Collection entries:

_____

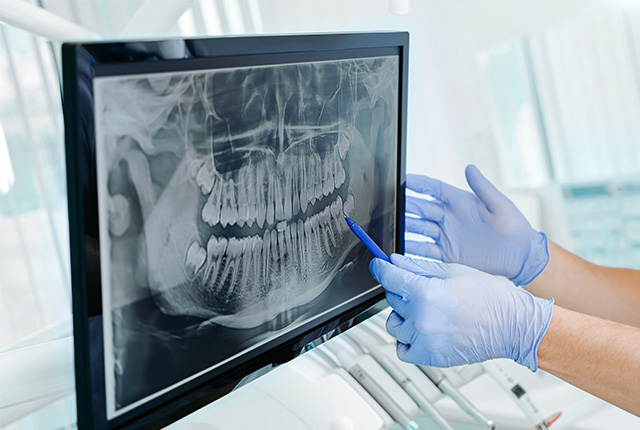 レントゲン写真で説明してる医師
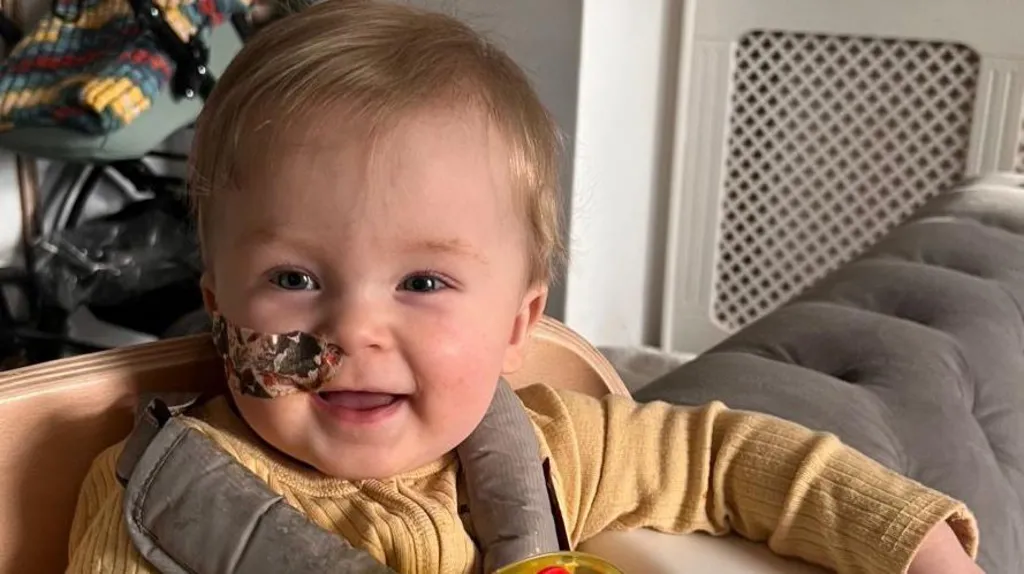 A little boy smiling at the camera. He has a nose tube covered by a plaster. He is strapped into a high chair and has a yellow long-sleeved top on.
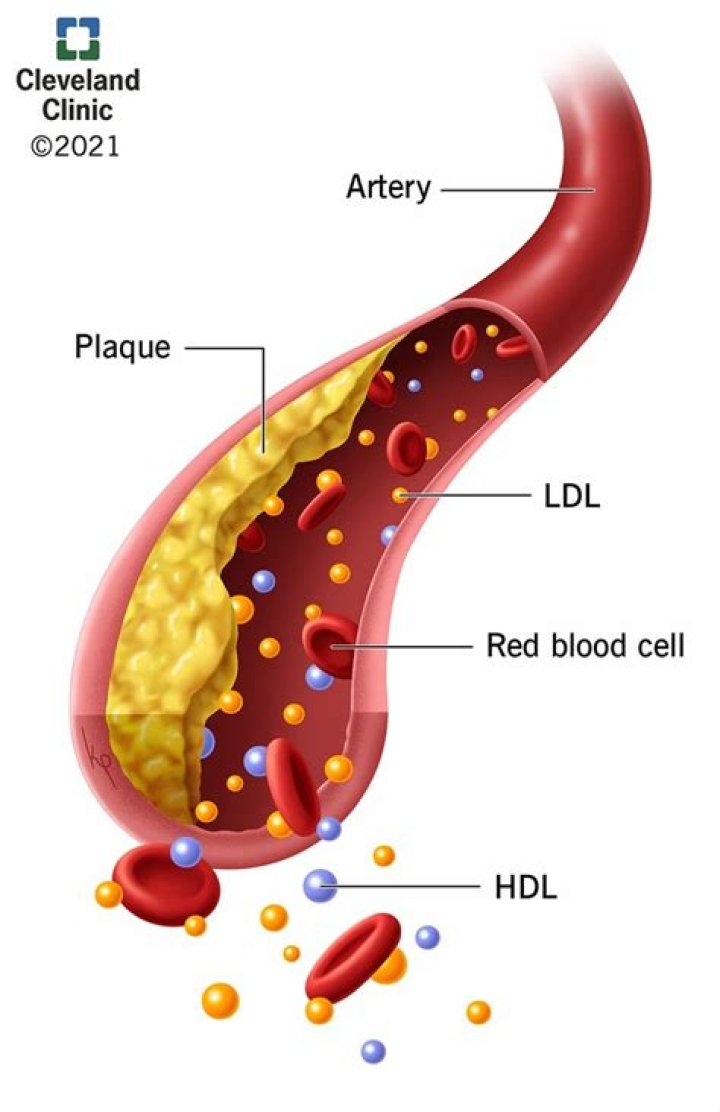 Are hypercholesterolemia and dyslipidemia the same?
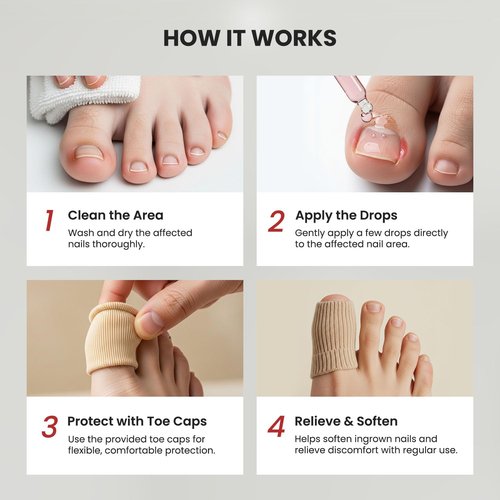 Treatonic Ingrown Toenail Treatment - Ingrown Toenail Pain Reliever and Softener Kit for Easy Trimming with Silicone Gel Toe Caps
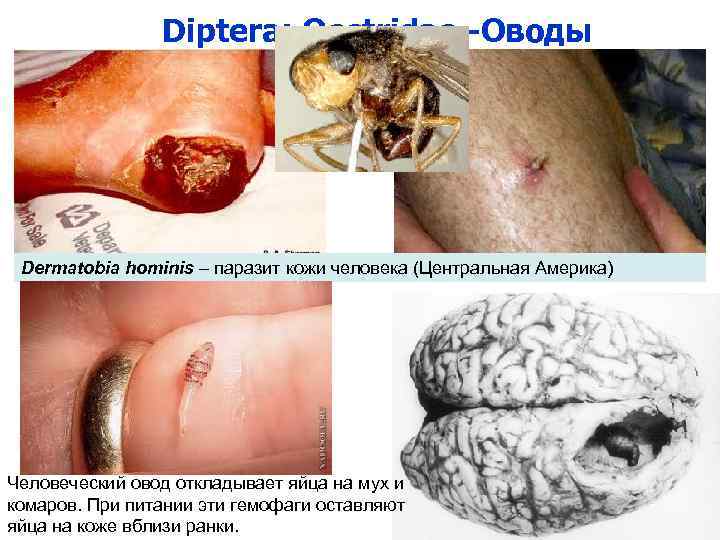  Diptera: Oestridae -Оводы Dermatobia hominis – паразит кожи человека (Центральная Америка) Человеческий овод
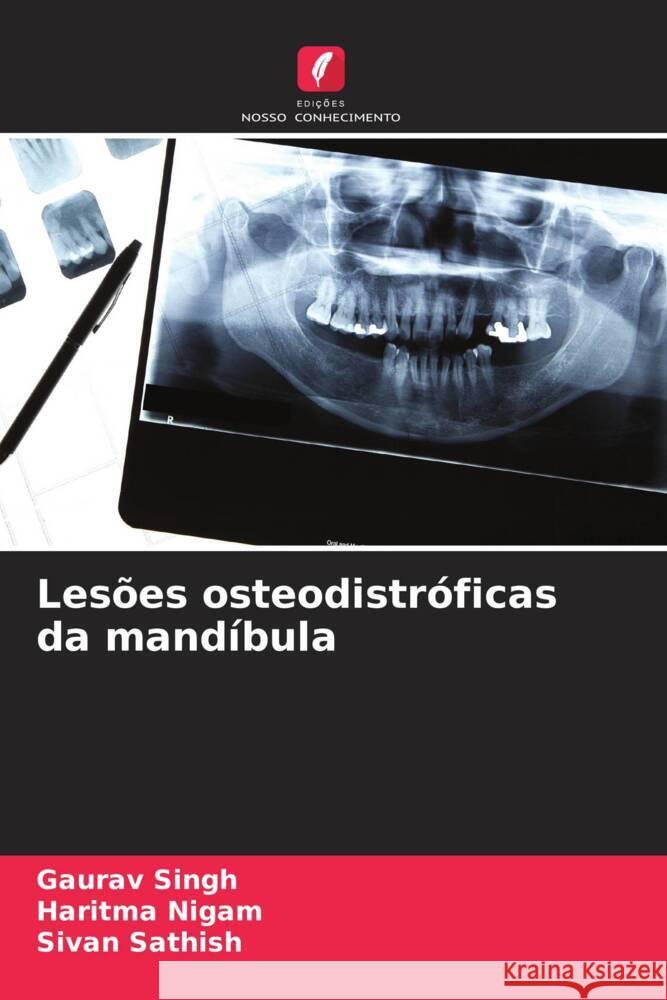 Les?es osteodistr?ficas da mand?bula Gaurav Singh Haritma Nigam Sivan Sathish 9786208285739 Edicoes Nosso Conhecimento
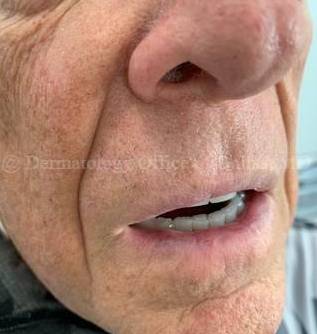 SRT-100 Before and After Case-90 After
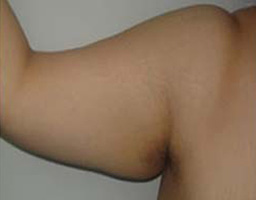 Liposuction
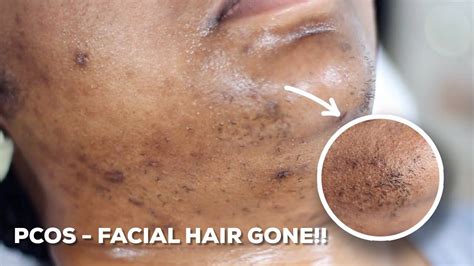 If you're bothered by the hair that grows on your face, follow these eight tips for smooth hairless skin. HOW TO WAX YOUR CHIN HAIR AT HOME | DIY Sugar Wax Hair ...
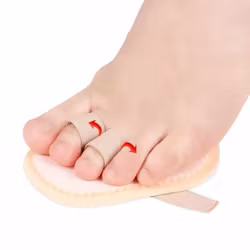 Hammartå stabiliserande förfotsstöd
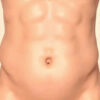 Région ombilicale : anatomie, structures et pathologies associées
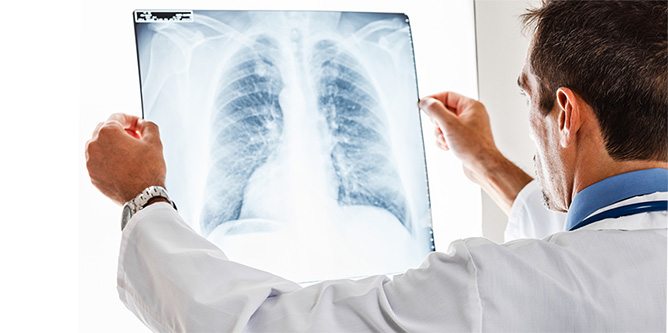 Read more about the article Lung infection and inflammation: Causes, symptoms and treatment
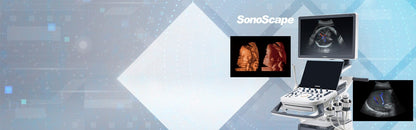 Sonoscape P15 Ultrasound Machine without battery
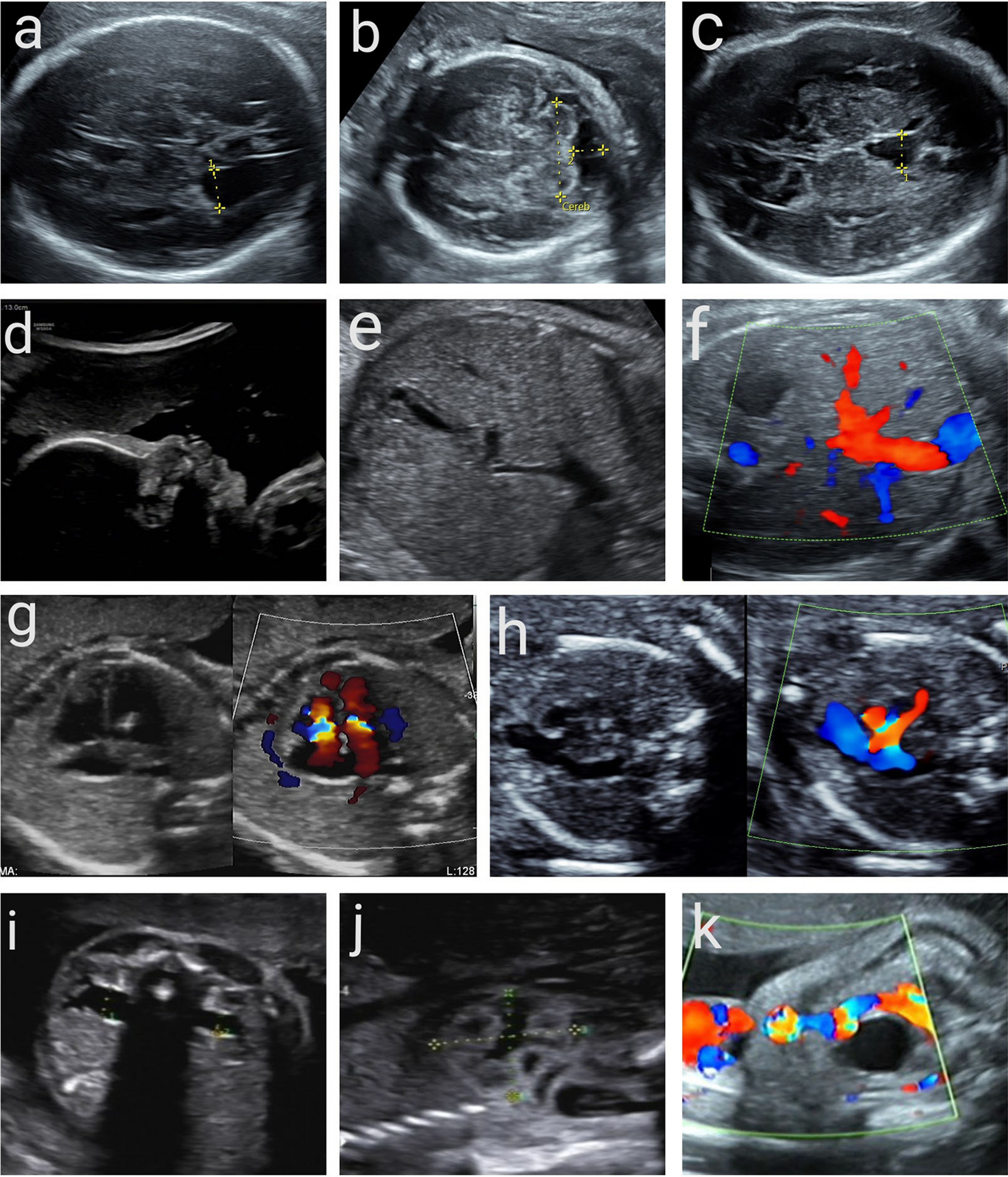 Fig. 2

_____

• _WHAT THIS TASK INVOLVES_
Reproduce the records above exactly, leaving out every picture they contain.

• _ANSWER FOR THIS EXERCISE_
 レントゲン写真で説明してる医師
 A little boy smiling at the camera. He has a nose tube covered by a plaster. He is strapped into a high chair and has a yellow long-sleeved top on.
 Are hypercholesterolemia and dyslipidemia the same?
 Treatonic Ingrown Toenail Treatment - Ingrown Toenail Pain Reliever and Softener Kit for Easy Trimming with Silicone Gel Toe Caps
  Diptera: Oestridae -Оводы Dermatobia hominis – паразит кожи человека (Центральная Америка) Человеческий овод
 Les?es osteodistr?ficas da mand?bula Gaurav Singh Haritma Nigam Sivan Sathish 9786208285739 Edicoes Nosso Conhecimento
 SRT-100 Before and After Case-90 After
 Liposuction
 If you're bothered by the hair that grows on your face, follow these eight tips for smooth hairless skin. HOW TO WAX YOUR CHIN HAIR AT HOME | DIY Sugar Wax Hair ...
 Hammartå stabiliserande förfotsstöd
 Région ombilicale : anatomie, structures et pathologies associées
 Read more about the article Lung infection and inflammation: Causes, symptoms and treatment
 Sonoscape P15 Ultrasound Machine without battery
 Fig. 2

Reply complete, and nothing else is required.